O SENTIDO DAS PALAVRAS...



Depois de um dia inteiro de reuniões na Escola Secundária, e depois de um fim de semana no IPO, preocupado com a saúde de um familiar que me é muito querido, abro a página e vejo o que as minha palavras provocaram, e que me estão a provocar sentimentos contraditórios.
O que eu mostrei no Club Fafense foi o meu descontentamento perante um silêncio que não entendi, e nem entendo, perante um evento cultural, que a associação Atriumemoria estava a organizar, e que tinha a colaboração de muitas Associações de Fafe e de alguns lugares ligados a Camilo Castelo Branco. De facto, já há meses que muitas pessoas estavam a trabalhar intensamente nessa iniciativa que considerávamos importante para Fafe e para a literatura.
Como o silêncio foi a resposta da entidade que sempre apoiou estas iniciativas, ficamos deveras preocupados, e a mim causou-nos imensa tristeza ter de cancelar o que julgávamos importante.
Ao dizer, de uma forma sentida que iria mudar de "lugar" para continuar a viver a cultura, como gosto de a viver, estava a salientar que trabalhar com outras terras ligadas a Camilo seria o meu próximo objetivo. Igualmente me iria afastar de tantos silêncios que a mim me causam muito mau estar. Claro que o farei, mas continuarei a viver em Fafe, a trabalhar pela terra que me acolheu, assim como a desenvolver atividades que não me causem tanto cansaço e certas incompreensões.
Agradecia que os amigos não fizessem desta situação um fim do mundo. Agradeço as mensagens que tenho recebido, pois nunca imaginei que o meu desabafo (o meu grito de alerta) causasse tanta confusão. Mas penso que já chega, pois as coisas já começaram a mudar e para MELHOR.
Neste momento estou ligado a um projeto pedagógico que considero muito interessante, ligado também, à Atriumemoria, e que já foi apresentada a versão mais popular em Estorãos, ligado ao Ciclo do Pão, e na próxima quinta feira será apresentada a versão mais escolar na Escola da Devesinha,a partir de um conto que escrevi e que se chama «O velho e o grão de milho».
Peço também a atenção para uma grande iniciativa solidária que estou a coordenar com os meus alunos, e muitos outros amigos, e que tem como base um livro solidário a favor da criação de uma Biblioteca Escolar no Lar da Criança de Revelhe. O livro já está à venda em vários lugares e chama-se «O sítio onde moram as cores do Arco-Íris, e que pedia a todos os amigos, e se assim o entendessem, que o comprassem e que ajudassem as crianças que precisam da nossa ajuda.
Como os amigos podem ver, eu continuo a lutar por aquilo em que acredito.
Amo Fafe e todos os fafenses, não sou homem de virar costas a quem me quer bem, mas tenho o direito de alertar para situações que não podem voltar a acontecer.
E como um amigo sincero me confidenciou numa bela mensagem, acabo este meu texto de uma forma que considero certa, e que dizia mais ou menos assim " se amamos as cores do Arco-Íris e o que elas significam, também temos de compreender as tempestades, pois sem elas não há Arco-Íris."
Sempre gostei de "construir pontes" entre as pessoas, e é o que continuarei a fazer.
Agradeço a vossa preocupação, mas vamos ficar por aqui.

Com amizade

Carlos Afonso

terça-feira, 27 de maio de 2014

NO dia 30 de maio, O ARCO-ÍRIS PINTARÁ AS TERRAS DE FAFE

NO dia 30 de maio, O ARCO-ÍRIS PINTARÁ AS TERRAS DE FAFE

Na noite do dia 30, traga uma cor do arco-íris e entre numa história mágica «UMA AVENTURA NO JARDIM DOS SONHOS»

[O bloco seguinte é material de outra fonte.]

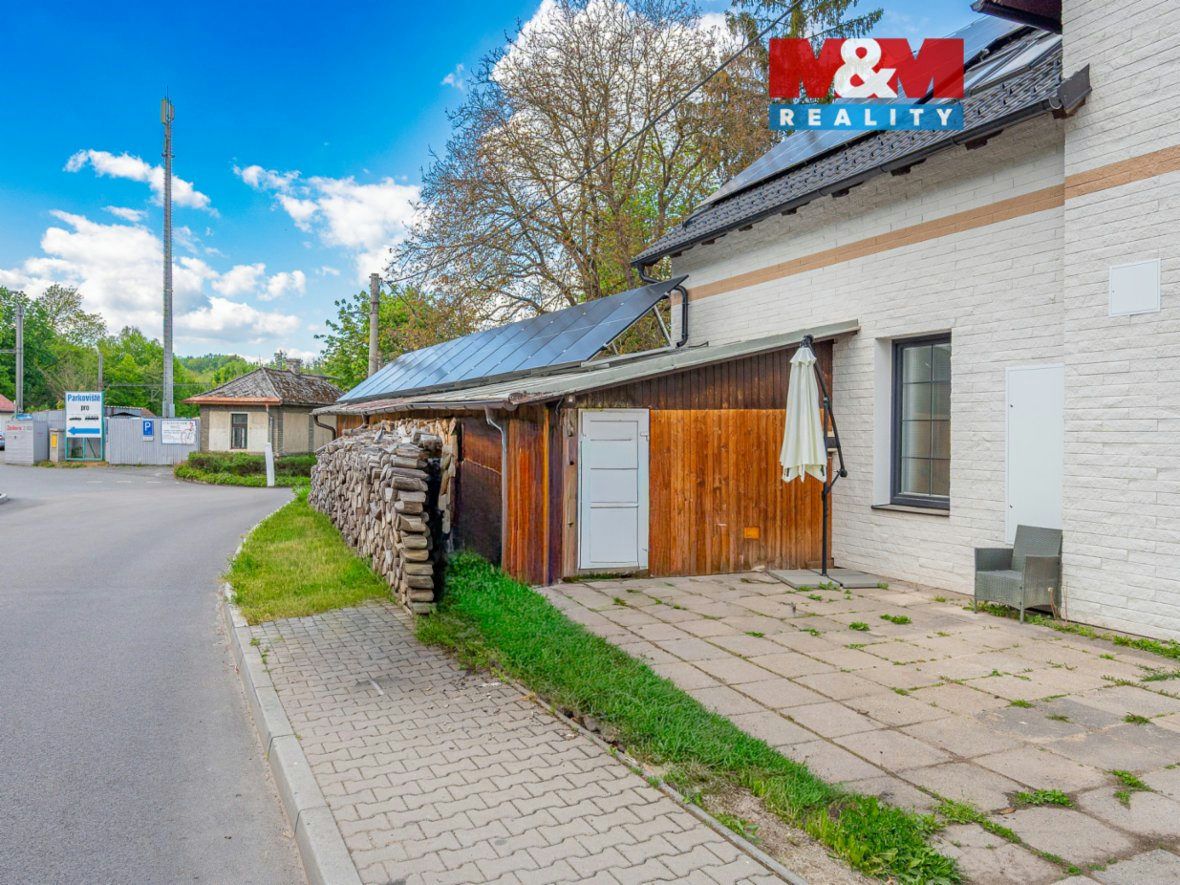 Pronájem obchod a služby, 64 m²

Aberto a todos os que têm um coração solidário, o lançamento do livrosolidário será o motivo maior para acontecer um grande evento solidário, no campo de jogos Escola Secundária de Fafe, com a presença de vários grupos musicais e outros momentos recreativos.
No dia 30, venha à Escola Secundária, traga uma cor do Arco-Íris (roupa/fita/...) e entre numa aventura mágica «Uma aventura do Jardim dos Sonhos»
(Esta iniciativa tem como objetivo ajudar as crianças e jovens do Lar da Criança de Revelhe. A criação de uma biblioteca é uma das principais intenções, para que as crianças tenham as condições necessárias para que o seu futuro seja mais feliz)

Por favor, divulgue esta iniciativa e ajude as crianças a sorrir...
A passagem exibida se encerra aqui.